### Problem statement
Reproduce the listing below in full and without alteration, apart from its pictures.

Segment Start: Extracted information

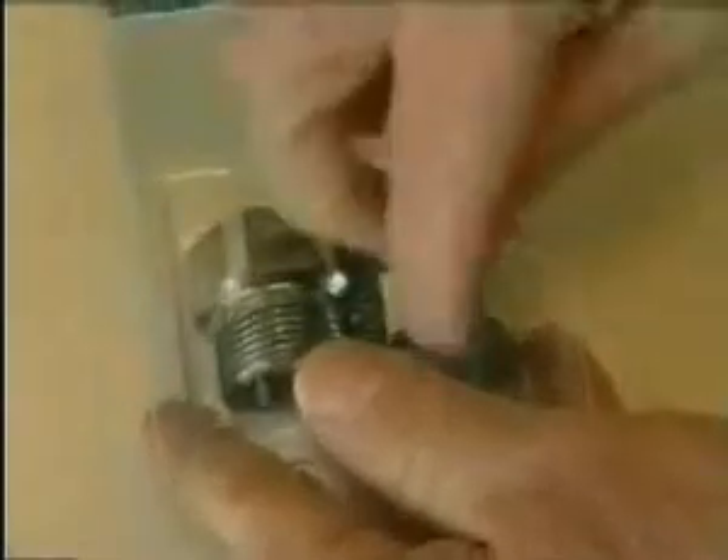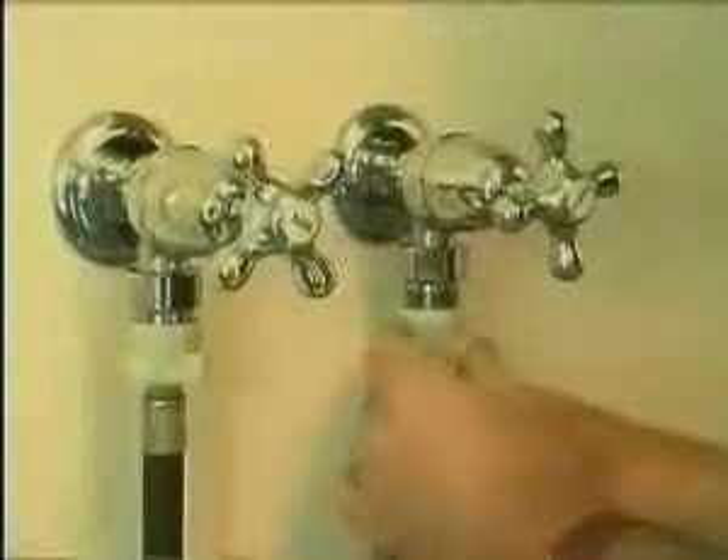The new dust stop anti-hammer valve is easily installed. Just remove the dust stop from the packet, then fit to both hot and cold taps. Refit the washing machine hoses and firmly tighten with a spanner.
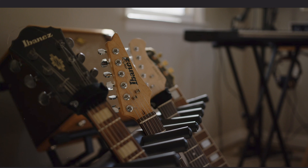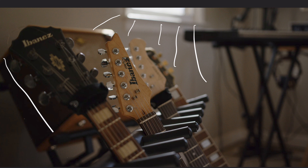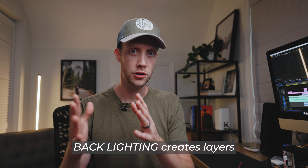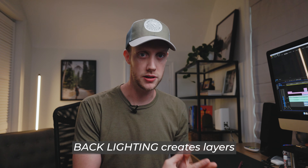If you look at this first frame of these guitars, you can tell the majority of the light — the main light — is coming from the Sun through the window, hitting these guitars and creating some nice highlights, but then falling off really nicely into the shadows. What it's doing is creating layers within the shot, and that is the key. Backlighting creates layers within your image, and that's what separates a professional-looking cinematic shot from an amateur shot.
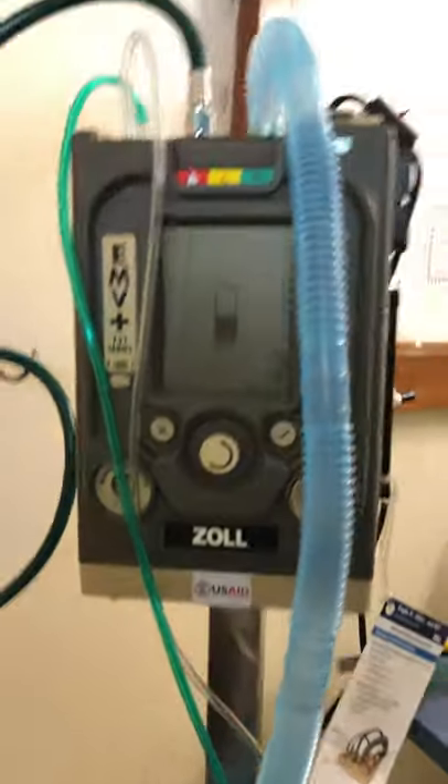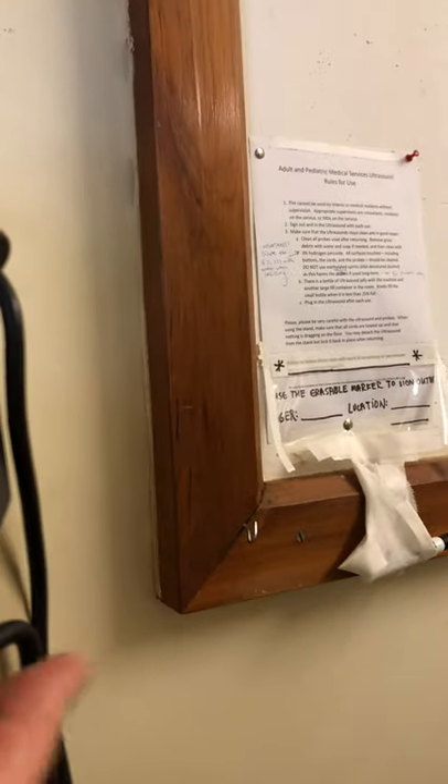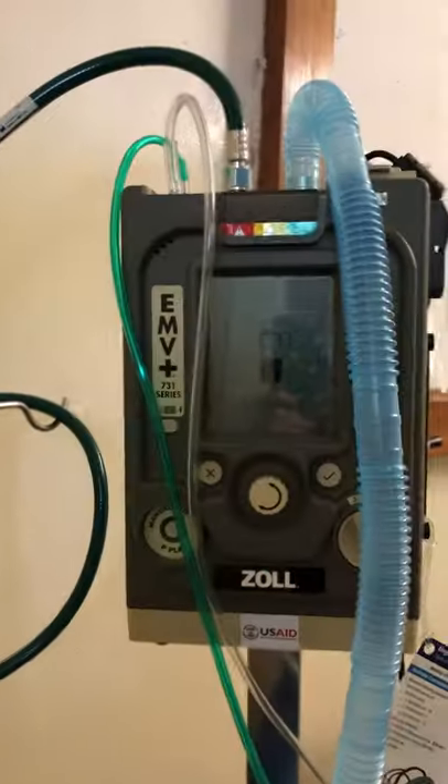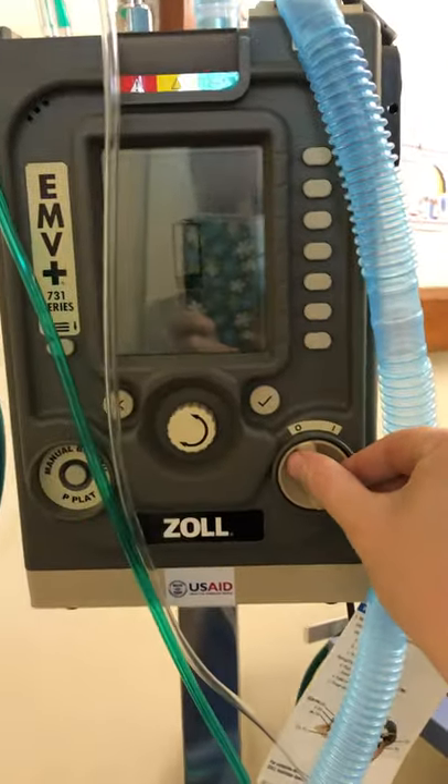There's no medical air connection because there's an internal air compressor. On the side of the machine, the machine will take air from the room and make its own medical air. Once you've got the tubings on, you can turn on the machine — that's this switch right here.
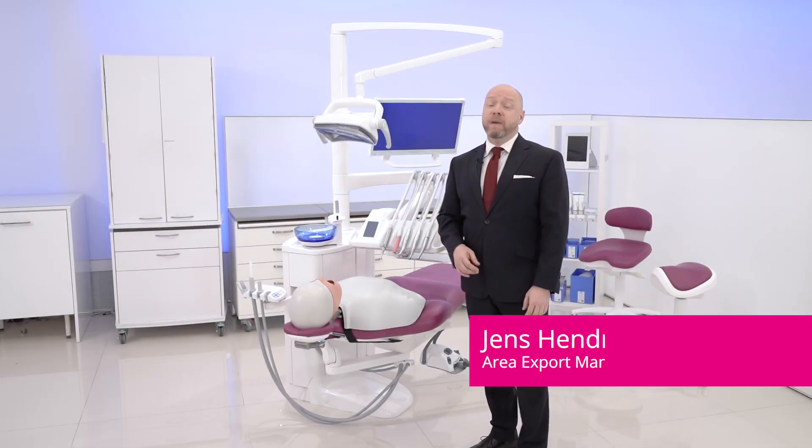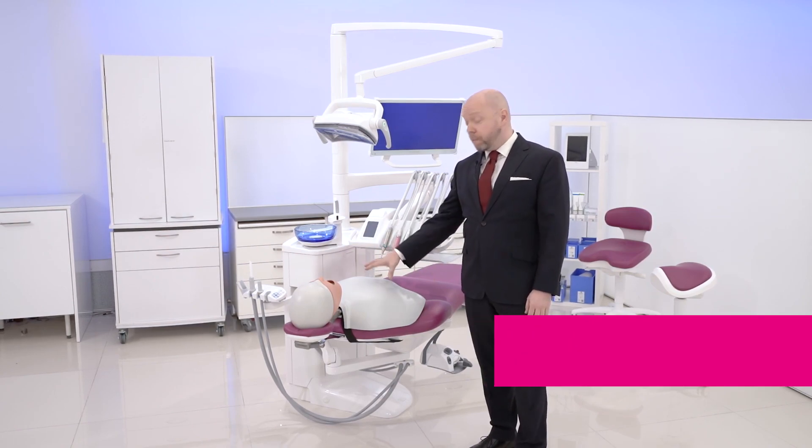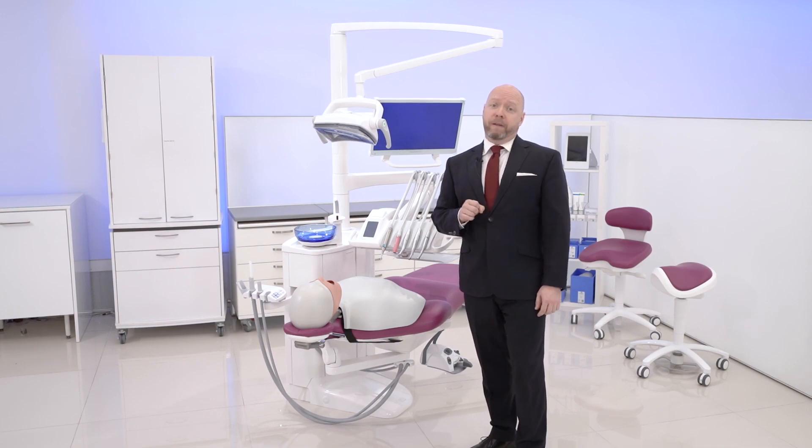Hello, my name is Jens, and I've been given this opportunity to give you a brief overview of our most popular dental care unit, the Planmeca Compact i5.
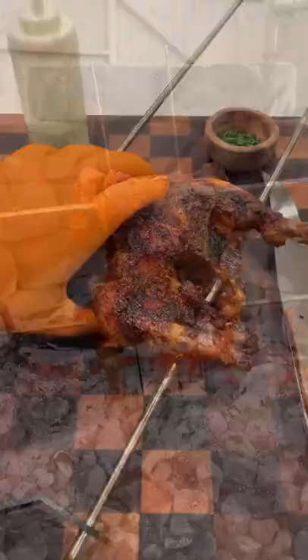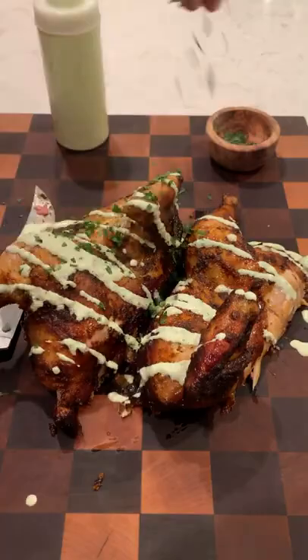Pull it off, slice it up, and serve with that spicy cilantro mayo and topped with chopped cilantro.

Segment End: Extracted information

### Task solution
The new dust stop anti-hammer valve is easily installed. Just remove the dust stop from the packet, then fit to both hot and cold taps. Refit the washing machine hoses and firmly tighten with a spanner.
If you look at this first frame of these guitars, you can tell the majority of the light — the main light — is coming from the Sun through the window, hitting these guitars and creating some nice highlights, but then falling off really nicely into the shadows. What it's doing is creating layers within the shot, and that is the key. Backlighting creates layers within your image, and that's what separates a professional-looking cinematic shot from an amateur shot.
There's no medical air connection because there's an internal air compressor. On the side of the machine, the machine will take air from the room and make its own medical air. Once you've got the tubings on, you can turn on the machine — that's this switch right here.
Hello, my name is Jens, and I've been given this opportunity to give you a brief overview of our most popular dental care unit, the Planmeca Compact i5.
Pull it off, slice it up, and serve with that spicy cilantro mayo and topped with chopped cilantro.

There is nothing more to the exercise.